A matéria da VEJA, ed.2073 (13/ago/2008) que traz como título ‘Prontos para o Século XIX’ relata de maneira descontextualizada duas situações de sala de aula, para então ufanosamente dizer (e cito ipsis verbis a revista):”Os dois episódios, ambos presenciados por VEJA, não são raridade nas escolas brasileiras. Ao contrário. Eles exemplificam uma tendência prevalente entre os professores brasileiros de esquerdizar a cabeça das crianças. Parece bobagem, uma curiosidade até pitoresca num mundo em que a empregabilidade e o sucesso na vida profissional dependem cada vez mais do desempenho técnico, do rigor intelectual, da atualização do pensamento e do conhecimento. Não é bobagem. A doutrinação esquerdista é predominante em todo o sistema escolar privado e particular. É algo que os professores levam mais a sério do que o ensino das matérias em classe, conforme revela a pesquisa CNT/Sensus encomendada por VEJA. Pobres alunos”.

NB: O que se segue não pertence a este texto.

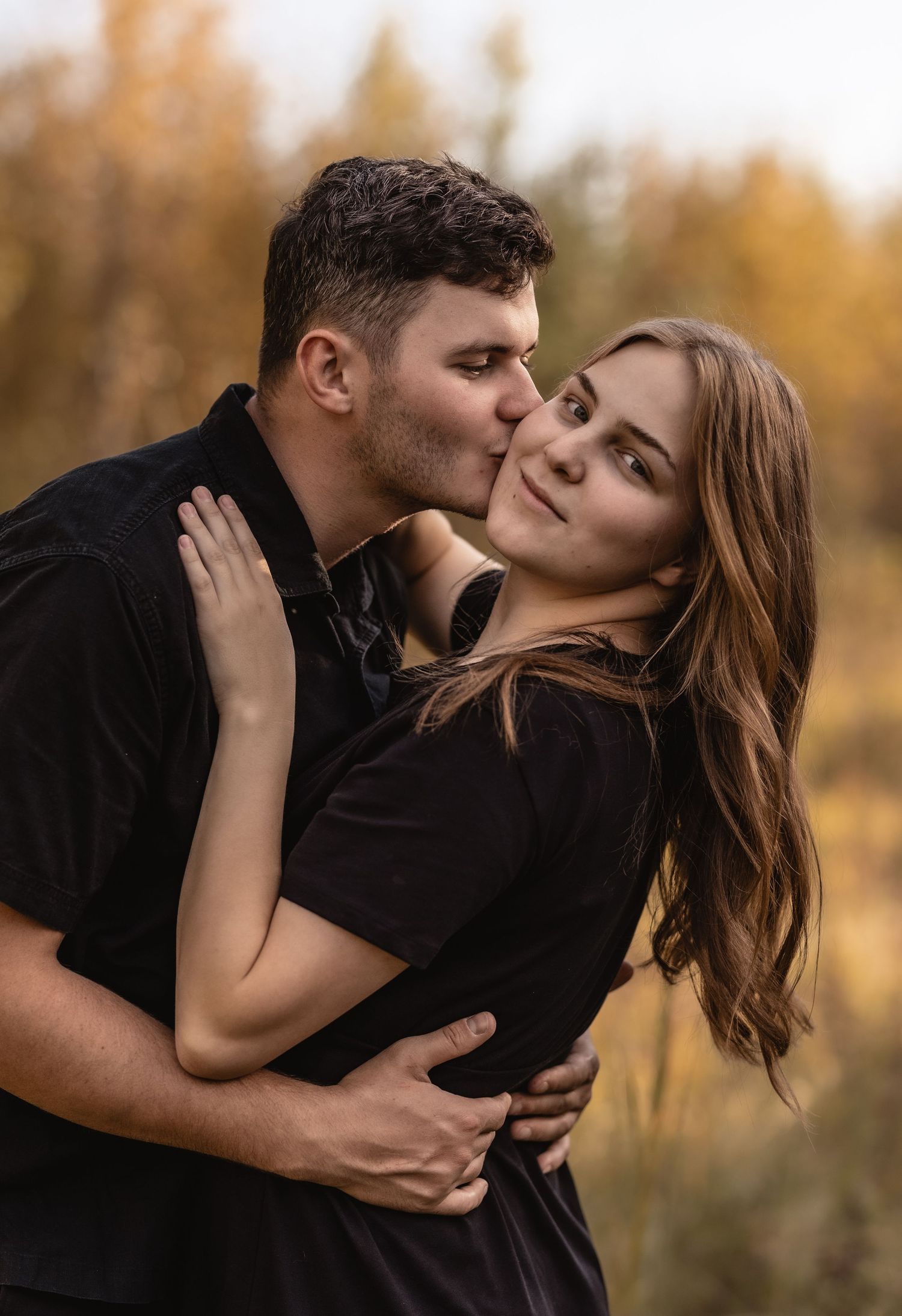 Couple in matching black outfits embracing outdoors, man kissing woman on cheek with autumn foliage background.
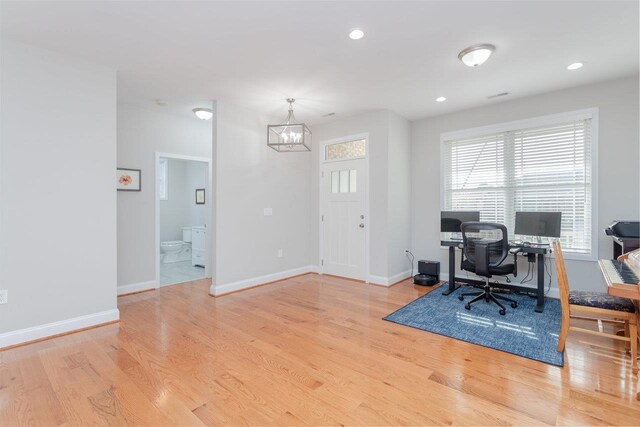 office area featuring light hardwood / wood-style floors and a chandelier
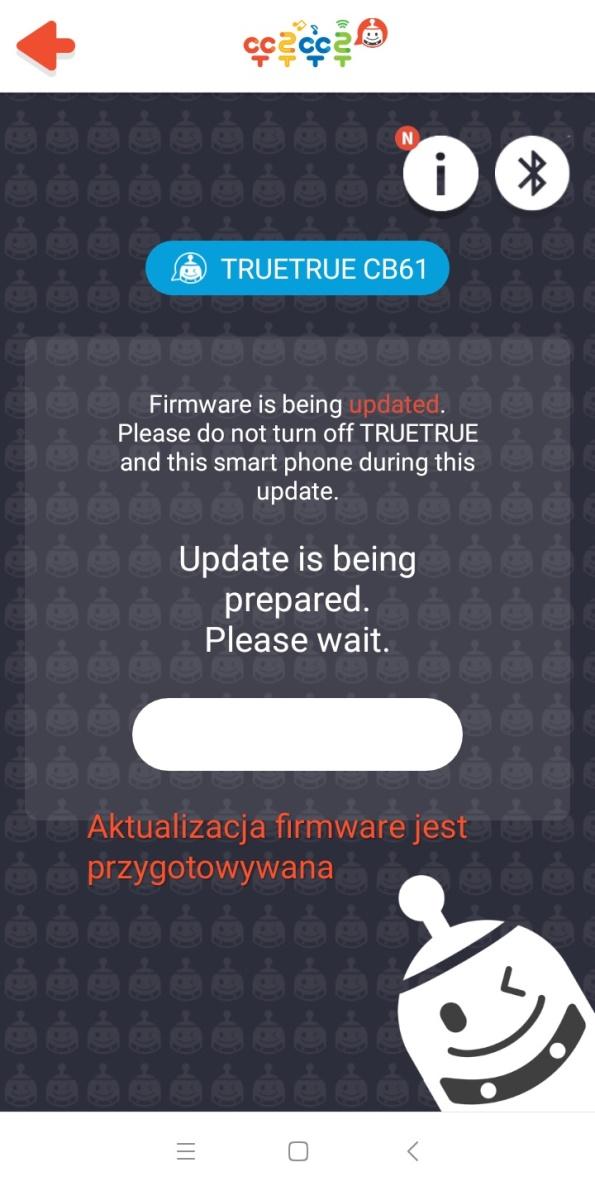 Na ekranie pojawi się informacja, że aktualizacja firmware jest w trakcie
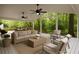 Inviting porch with comfortable seating and serene wooded views at 1100 Tuxedo Dr, Roswell, GA 30075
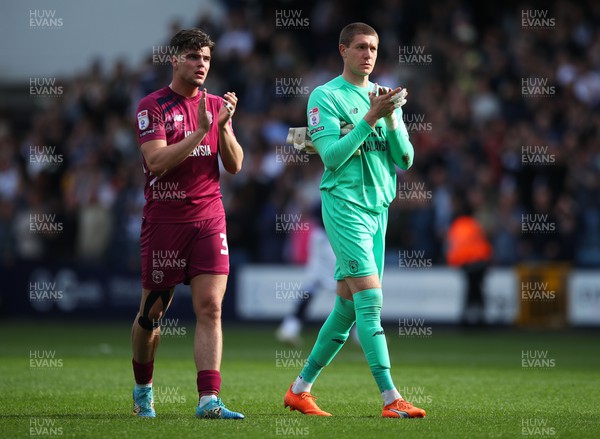 130424 - Millwall v Cardiff City - Sky Bet Championship - Ollie Tanner and Ethan Horvath of Cardiff City applaud fans after the full-time whistle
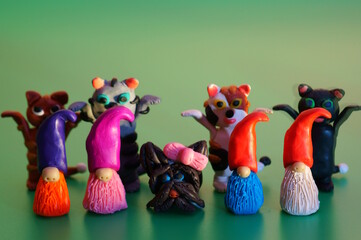 Wall Mural - Figurines of colorful dwarfs, seals and dogs made of plasticine. Green background.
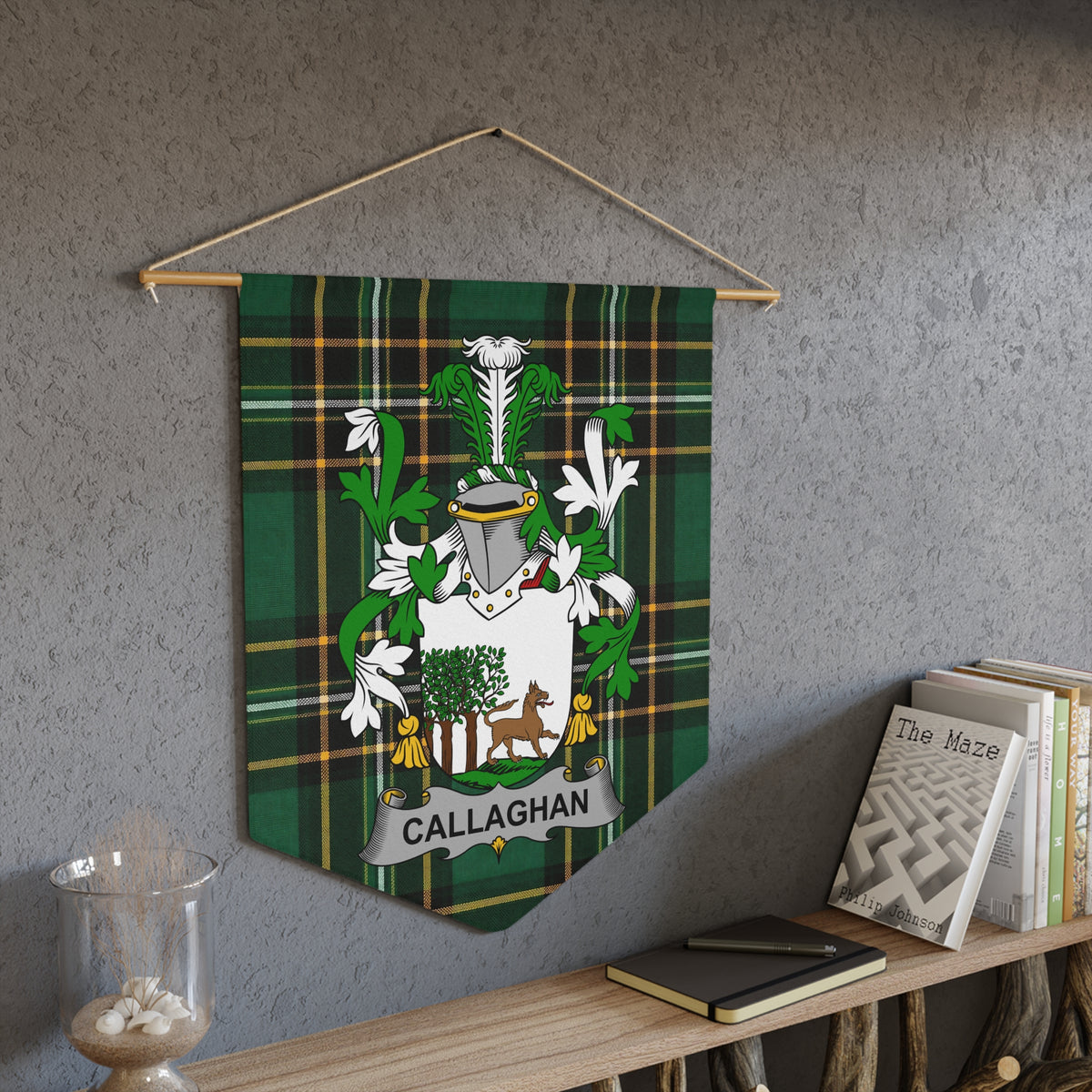 Callaghan coat of arms banner on green tartan fabric displayed on a wall.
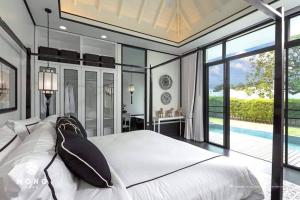 una camera da letto con un grande letto bianco con cuscini neri di MONO LUX Villa x MonthStayZ Thailand a Chalong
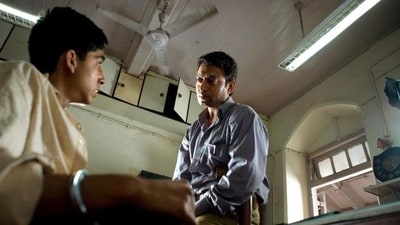 Irrfan Khan and Dev Patel in a still from Slumdog Millionaire. Irrfan Khan and Dev Patel in a still from Slumdog Millionaire.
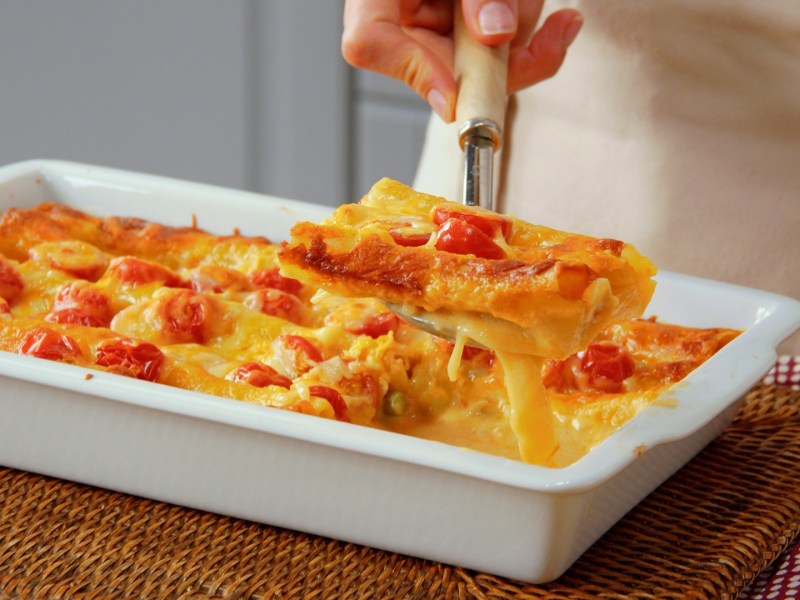 Ein Stück Spargel-Cannelloni-Auflauf wird mit einer Kelle über dem Auflauf gehalten.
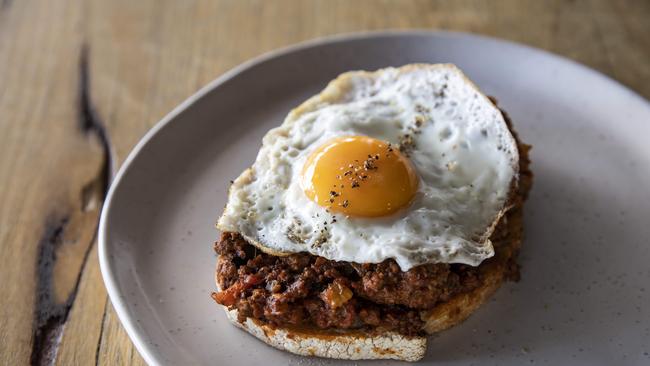 The savoury mince on sourdough toast at Cross + Feather. Picture: Mark Cranitch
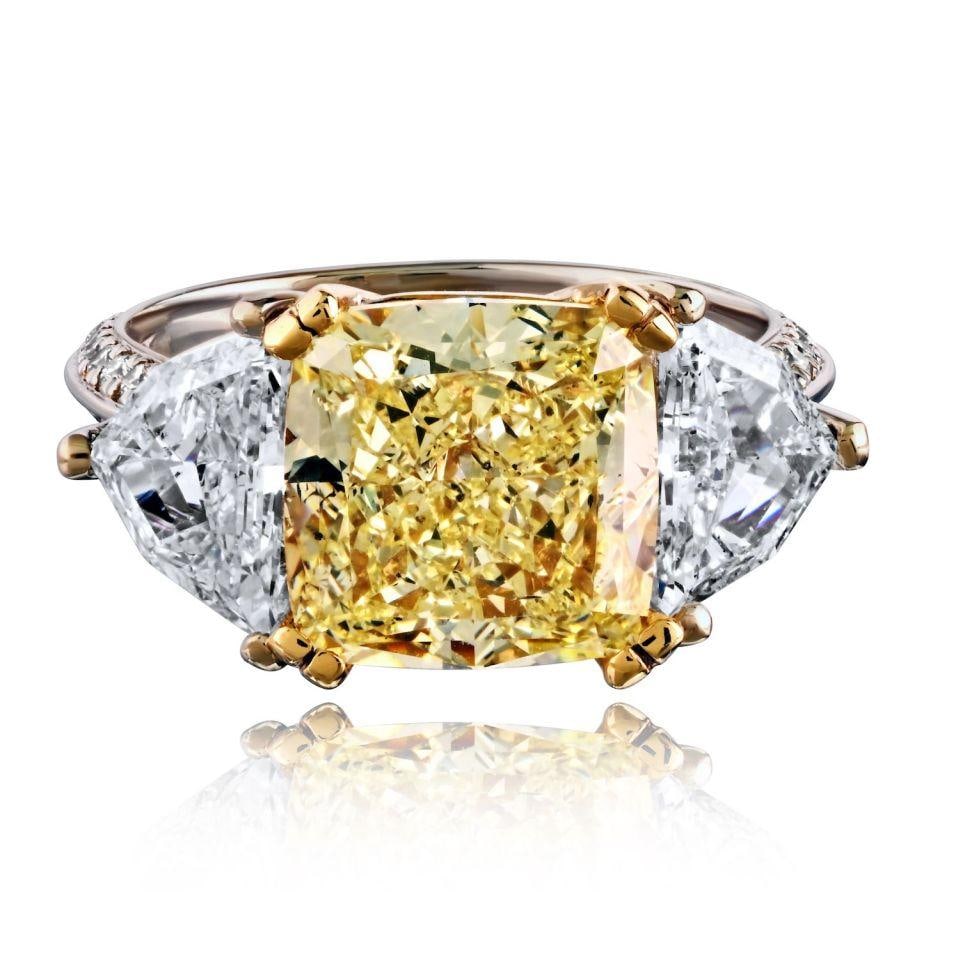 Radiant Cut 5.02 Carat Fancy Yellow Diamond 18K Two Tone Ring GIA: Radiant Cut 5.02 Carat Fancy Yellow Diamond 18K Two Tone Ring GIA This pre-owned ring features a 5.02 carat radiant cut fancy yellow diamond set in 18K two-tone metal. The elegant design showcases the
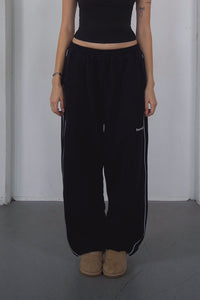 Person wearing black pants with white stripes and a black top against a plain background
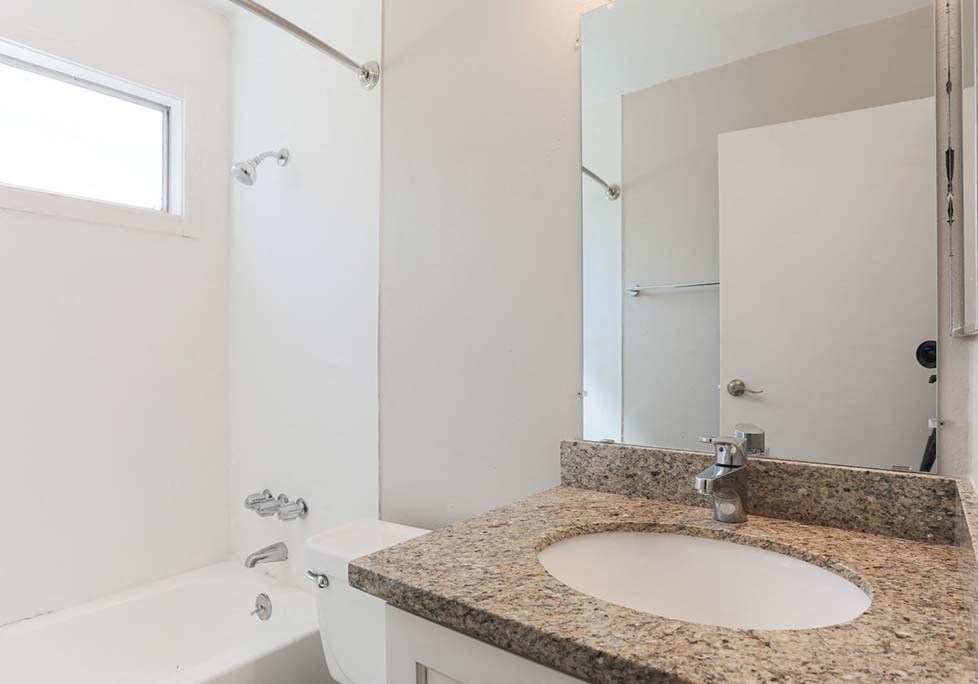 Apartments in Walnut Creek - Creekside Terrace - Bathroom with Granite-Style Sink, Bathtub, and Large Mirror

A leitura desse parágrafo não tem como não me lembrar de dois períodos de minha formação acadêmica. Quando fiz mestrado (final dos anos ’70) e doutorado (começo dos ’90), ambos na UFRGS. No primeiro não estudei uma linha de Marx. Era época em que intelectuais escondiam as obras de Marx, pois tê-las representava perigo. Houve os que as queimaram em fornos de padaria ou as lançaram no arroio Ipiranga. Dizia-se que ‘comunistas comiam até criancinhas!’. Quando do doutorado, tive o privilégio de ler e estudar um pouco de Marx. Talvez um melhor título para a matéria da Veja fosse ‘Pelo retorno às liberdades no Brasil dos anos setenta’ do que o proposto pela revista: ‘Prontos para o Século XIX’. Eu, particularmente prefiro os tempos do esclarecimento do Século 19, do que a ditadura do terceiro quartel do século 20.
Pois a revista Veja e seus asseclas, desejam a volta a períodos de trevas. Com justa indignação transcrevo a maneira como a Revista, ratificada pelos sequazes intelectuais que reenviam a matéria, descreve um dos filósofos mais importante da História da humanidade. Hoje, sem robôs e máquinas, os empregos nem sequer seriam criados. Mas dizer isso pode desagradar ao velho barbudo enterrado no novo Cemitério de Highgate, em Londres. Os professores esquerdistas veneram muito aquele senhor que viveu à custa de um amigo industrial, fez um filho na empregada da casa e, atacado pela furunculose, sofreu como um mártir boa parte da existência. Gostam muito dele, fariam tudo por ele, menos, é claro, lê-lo – pois Karl Marx é um autor rigoroso, complexo, profundo que, mesmo tendo apenas uma de suas idéias ainda levada a sério hoje – a Teoria da Alienação –, exige muito esforço para ser compreendido. Imaginem a indignação de que seria tomado um cristão ou islâmico se alguém escrevesse algo parecido da vida pessoal de um dos seus líderes.